The Yankees head into spring training with 14-1 odds of winning this year’s World Series, tied for eighth among the league’s 30 teams at the Las Vegas Hotel’s Super Book. The Los Angeles Angels, Detroit Tigers, Los Angeles Dodgers, Washington Nationals, Cincinnati Reds, Toronto Blue Jays and defending champion San Francisco Giants currently have better odds.
See, CAIRO is projecting 87 wins. So changing the underlying components and assumptions to make the Yankees look better than they are is working as designed.
Seriously, I’m sure this news is shocking for Hal Steinbrenner.
Even more seriously, Vegas odds are based on public perception and not on rigorous statistical analysis. They are created with an eye on maximizing profits by splitting the bet as evenly as possible and not on getting all the teams right. While there’s something to be said for the wisdom of crowds, perception that the Yankees “haven’t done anything” is likely a large driver in what bettors are seeing. Whether or not the bettors are right remains to be seen.

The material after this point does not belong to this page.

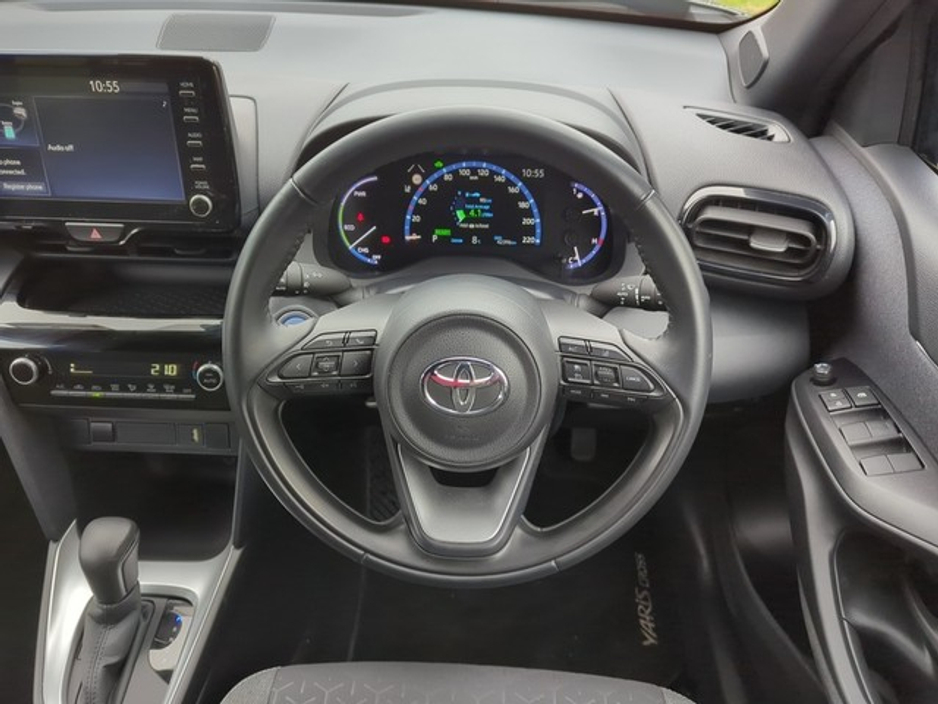 2023 Toyota Yaris Cross - image 9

If I was still a betting man and was forced to take the over/under, I’d take the over on 86.5. But I’d rather sit this one out.
In other news, the Yankees have acquired reliever Shawn Kelley from the Mariners for Abe Almonte. Assuming Kelley’s labrum is not torn already, here are his CAIRO percentile forecasts.
FIP: Fielding-independent pitching
RAR: Runs saved above replacement level using RA
WAR: Wins above replacement level (RAR divided by 10)
Kelley takes a 40 man roster spot, but he does have an option left so he gives the Yankees a solid relief arm who averaged around 92 mph with his fastball last season and some roster flexibility. Almonte doesn’t look like much more than fringe prospect at best, whose upside may be fifth OF for defense and baserunning. I like this move.